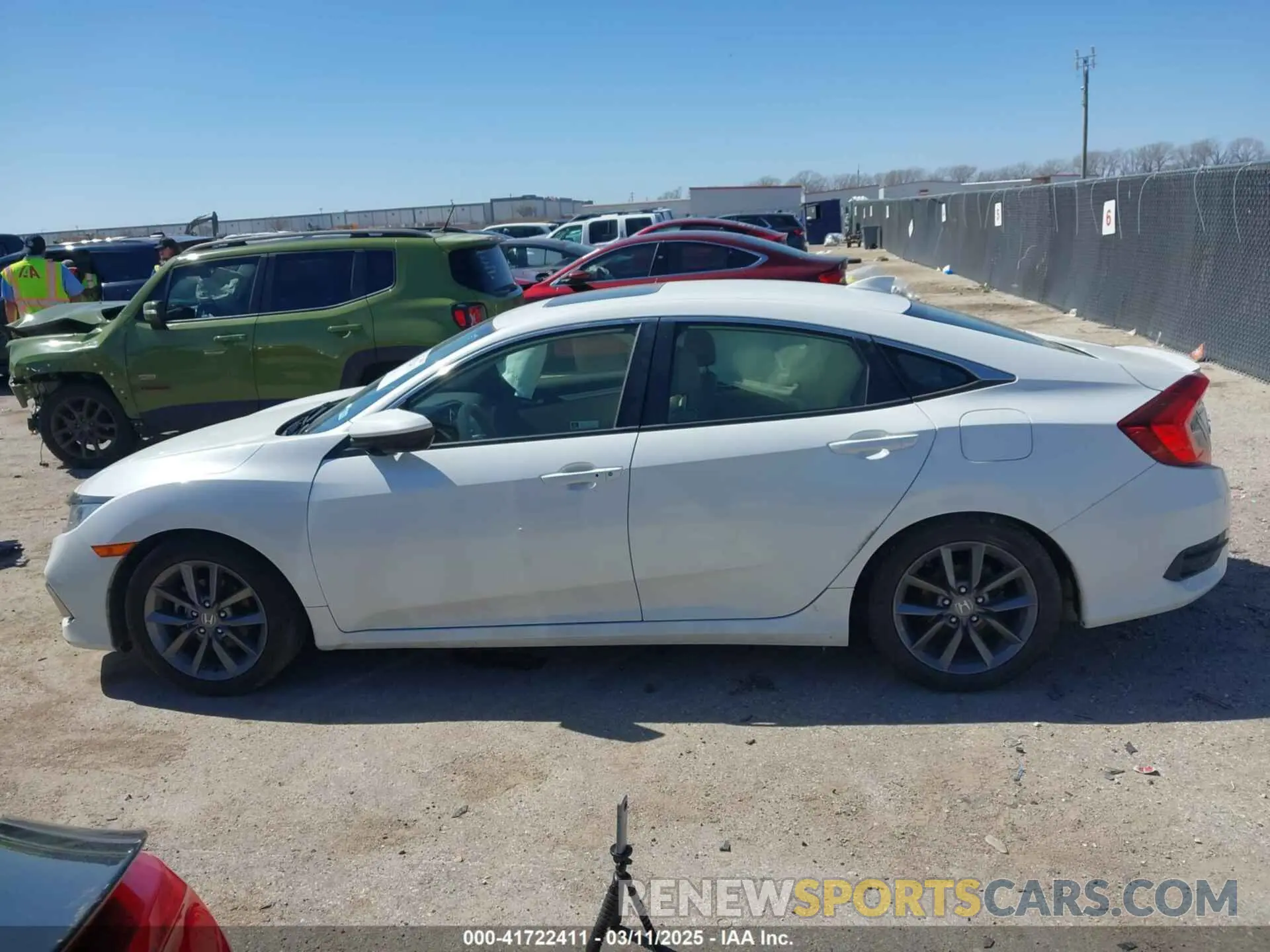 14 fotografías del automóvil dañado JHMFC1F35KX001825 HONDA CIVIC 2019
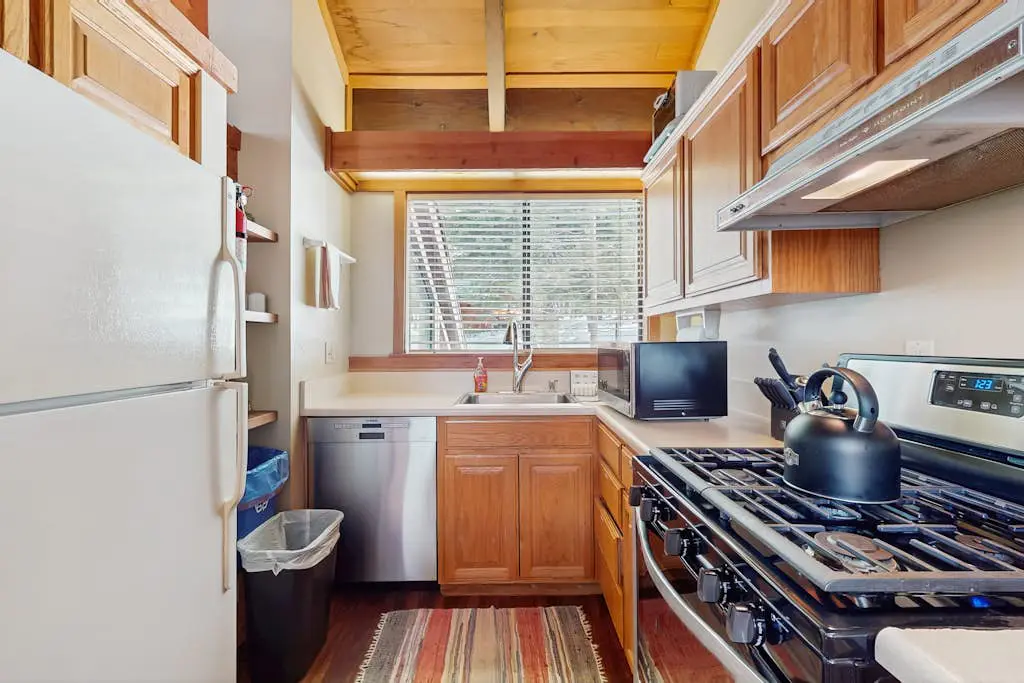 Secluded mountain-view condo with balcony, close to Northstar Village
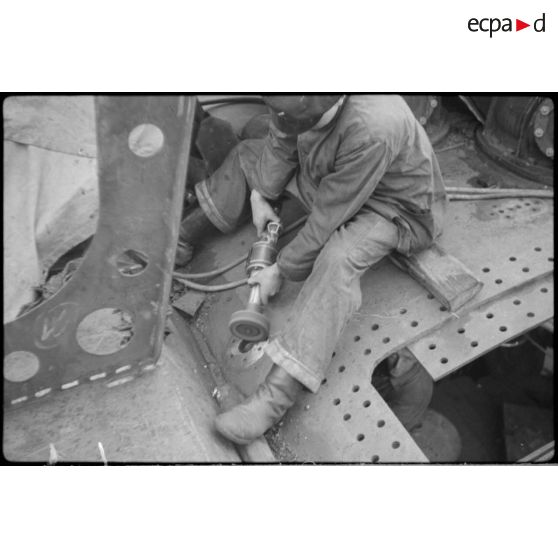 Assemblage de U-Boote de type IX-B à Brème.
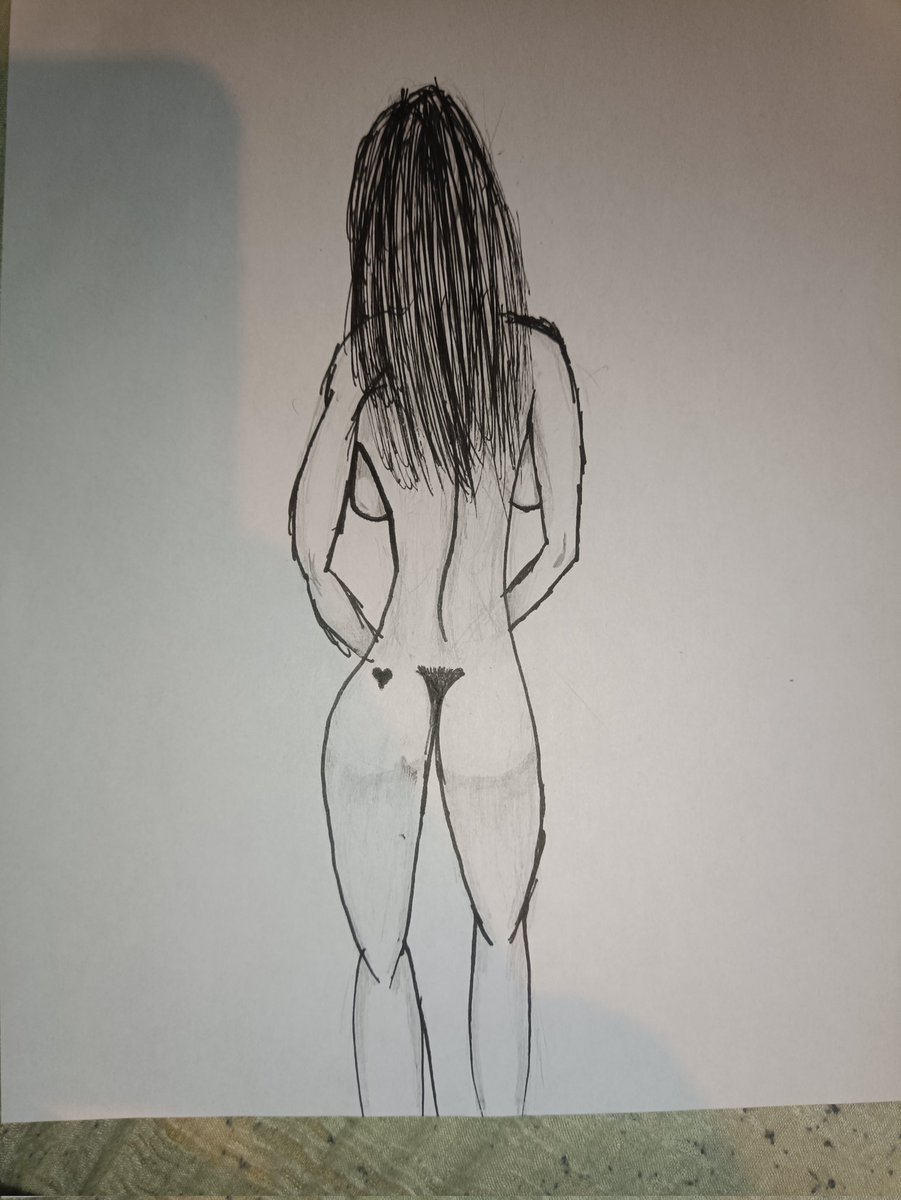Os presento a Lucía.
Es mi primer dibujo en unos 10 años XD asi que artistas profesionales no critiqueis mucho la anatomía de mierda XD, solo mirar esos hombros uno está chueco. Lo único que me quedo decente fue el culo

YOUR TASK: Going from the line holding "Assemblage de U-Boote de type IX-B à Brème." to the last line of the data above, reproduce every line exactly, both included, with the pictures omitted.

TASK ANSWER:
 Assemblage de U-Boote de type IX-B à Brème.
Os presento a Lucía.
Es mi primer dibujo en unos 10 años XD asi que artistas profesionales no critiqueis mucho la anatomía de mierda XD, solo mirar esos hombros uno está chueco. Lo único que me quedo decente fue el culo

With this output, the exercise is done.